Thursday, June 21, 2012

"Bury Me At The Feet Of Aloysius Gonzaga."

St. Aloysius Gonzaga, S.J.
The Jesuits lost a devoted friend in the person of St. Charles Borromeo, who died in 1584. It is a calumny to say that he had turned against them and had taken the seminary of Milan from their direction. It was they themselves who had asked to be relieved of the responsibility, for he had so multiplied their colleges in his diocese, that it was impossible to give the seminary the attention it required. It is true that he was greviously offended by one individual Jesuit who injected himself into a controversy that was going on between the governor and the archbishop, and assailed the great prelate in the pulpit of the very church which had been given to the Society by Borromeo; but Claudio Aquaviva quickly brought him to the cardinal's feet to ask forgiveness, and then suspended him for two years from preaching. That incident, however, in no way diminished the affection of the saint for the Society. His last Mass was said in the Jesuit novitiate which he had founded, and he died in the arms of his Jesuit confessor, Father Adorno, two days afterwards. Seven years later, on June 21, 1591, another saint died, the young Aloysius Gonzaga. Borromeo knew him well, and had given him his first Communion. This boy saint was not only an angel of purity, but also a martyr of charity, for he died of a fever he had caught from the victims of a plague whom he was attending during a pestilence that devastated Italy. The venerable Robert Bellarmine was his confessor and spiritual father, and, later, when he was about to expire, he said to those around him: "Bury me at the feet of Aloysius Gonzaga."
Link (here) to the Jesuits

5 comments:

TonyD said...

Often there is preparatory work done by others - but hardly noticed.

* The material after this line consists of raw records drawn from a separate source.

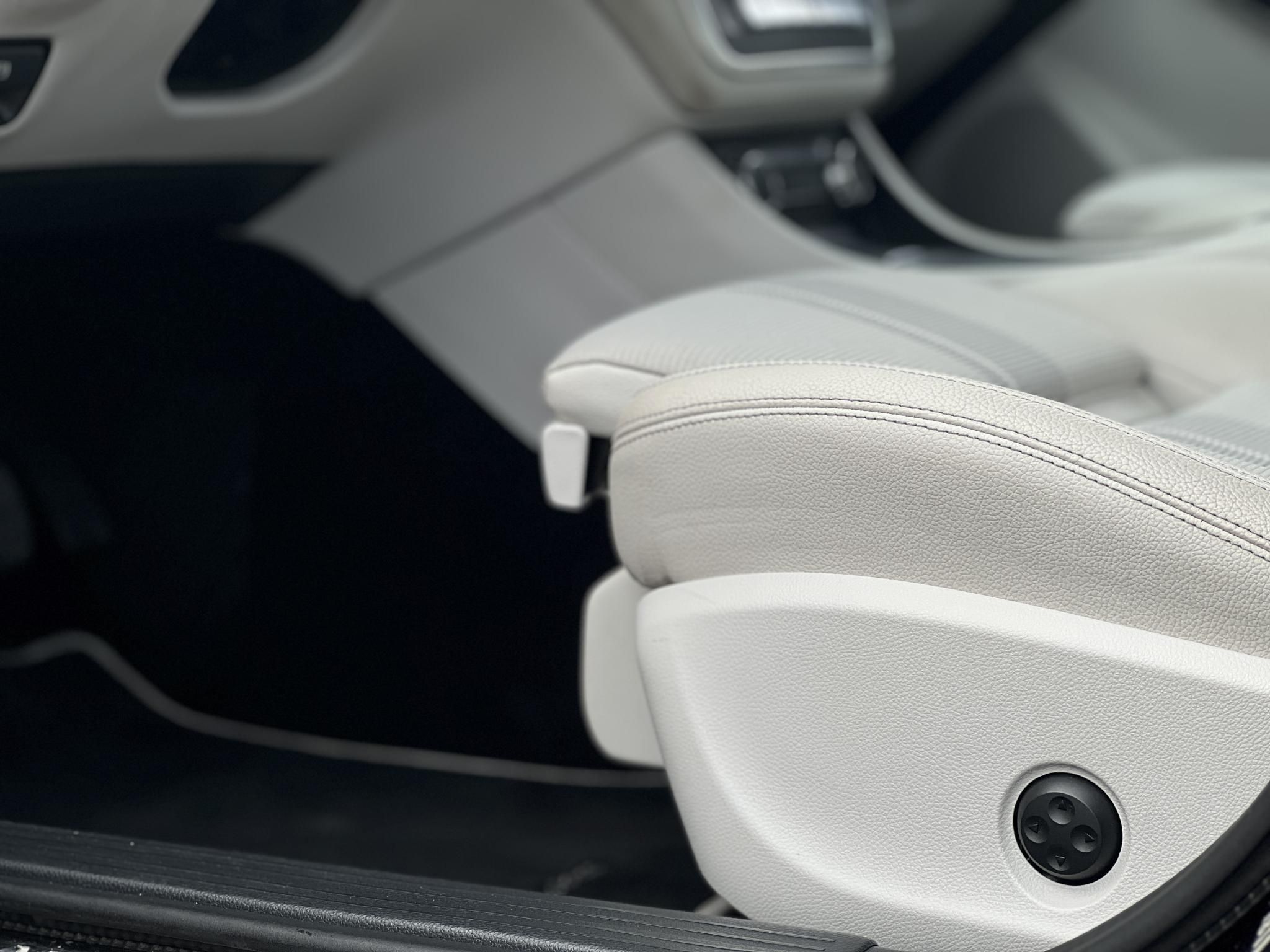 MERCEDES-BENZ CLA 200 7G-DCT M.o.-i. világos belső. harman/kardon. memória. CARPLAY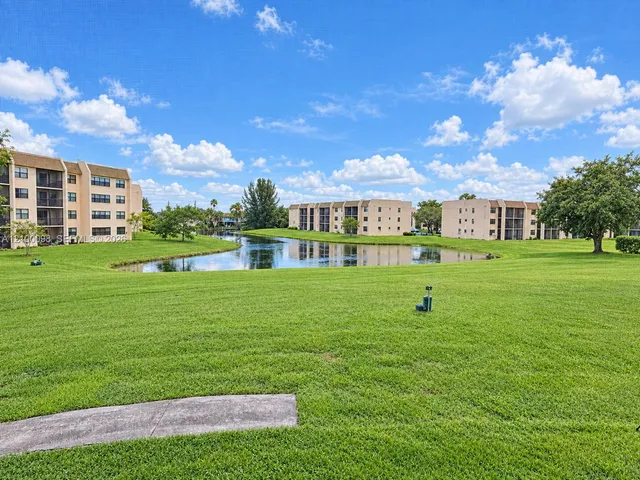 2-bedroom home at 10402 Sunrise Lakes Boulevard #201, Sunrise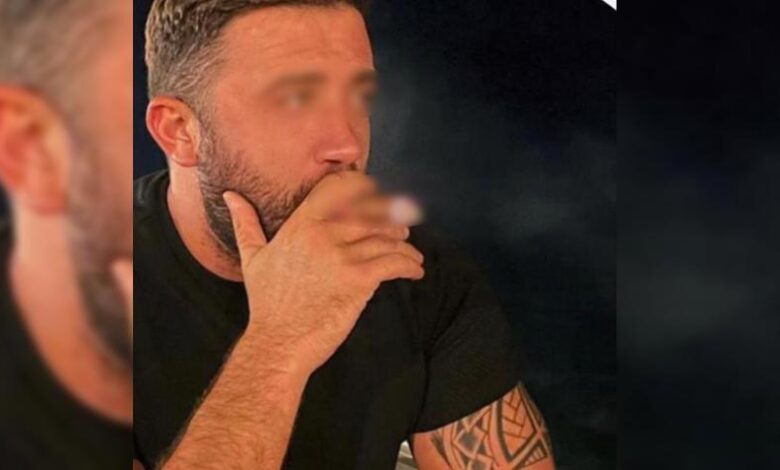 Villa önünde lüks araca kalaşnikoflu saldırı! 20’den fazla mermi isabet etti 1 villa onunde luks araca kalasnikoflu saldiri 20den fazla mermi isabet etti NlQesFtW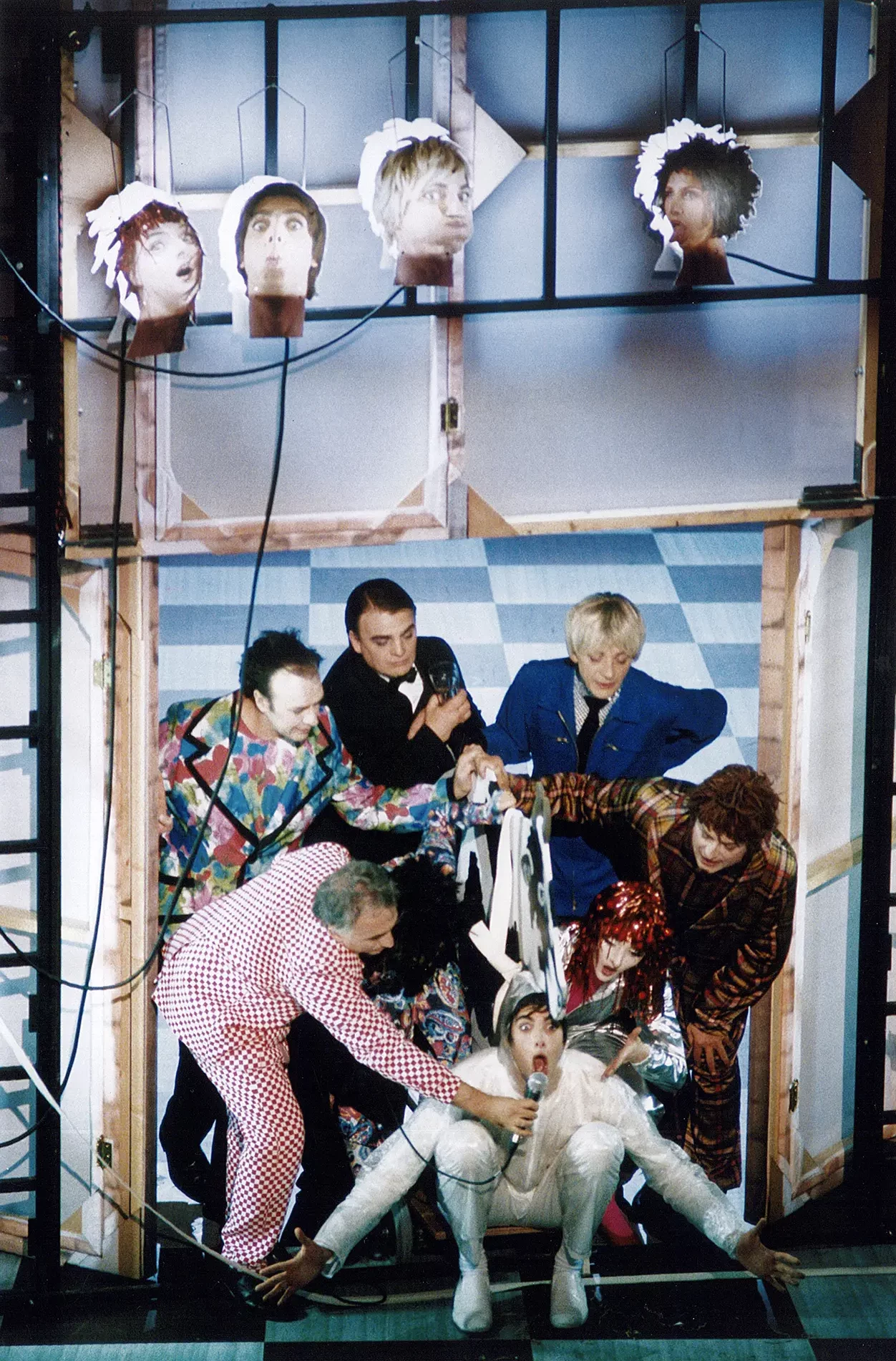 Hélène Babu, Jean-Damien Barbin, Pierre Gérard, Thierry Godard, Micha Lescot, Marc Susini, Jutta JohannaWeiss dans OÙ BOIVENT LES VACHES de Roland Dubillard, mise en scène et décor Éric Vigner, Théâtre Du Rond-Point, Paris, avril 2004. Photo Alain Fonteray.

The preceeding paragraphs describe Cardinal Toletus - who, in effect, defended an attacker of the Church. So often we tend to look at simple "right" and "wrong" while failing to see the complexity of situations.

Maria said...

"During his dying illness, Father Bellarmine, a man up in years by then, would stay hours with his penitent and Aloysius asked him, "is it possible to go straight to Heaven without any purgatory", 'yes, Bellarmine said, it's quite possible'. "Well, can I ask for that grace?" 'You sure can.' So he begged for the grace to, when he died go straight to Heaven and no purgatory. The night before he died, he had an ecstasy all night. With the members of his community around him, he was talking to the rector who was standing over his bed, "we're going, father, we're going". The rector said, 'where are we going?' "We're going to Heaven". So the rector jokingly said, 'You'd think he was going to Froscoty' (that, by the way, is a Jesuit villa outside of Rome). Just before he died, he pronounced the words, "into Thy hands" and passed away. He was canonized in 1726 and his relics, which I prayed before many times, are in the Church of St. Ignatius in Rome. He wrote many letters which have been preserved and are worth reading. 'The Best Life of St. Ignatius' is by the same Fr. Broderick, remember? but 'The Best Life of St. Aloysius' is Fr. Martindale. Martindale's life of Aloysius has large chunks of his letters … makes fine meditation."

Servant of God John Hardon SJ

Anonymous said...

There are many good biographies of Aloysius. Fr. Hardon--not a historian and a protector of sexual abusers--is not a useful guide.

Maria said...

“To all our persecutors we say: ‘you are our brethren; apprehend not us but rather the truth of God."

--St Justin Martyr 150 AD

http://youtu.be/Ff1EBaUUneY

Anonymous said...

No one is persecuting you by pointing out a documented case of sexual abuse.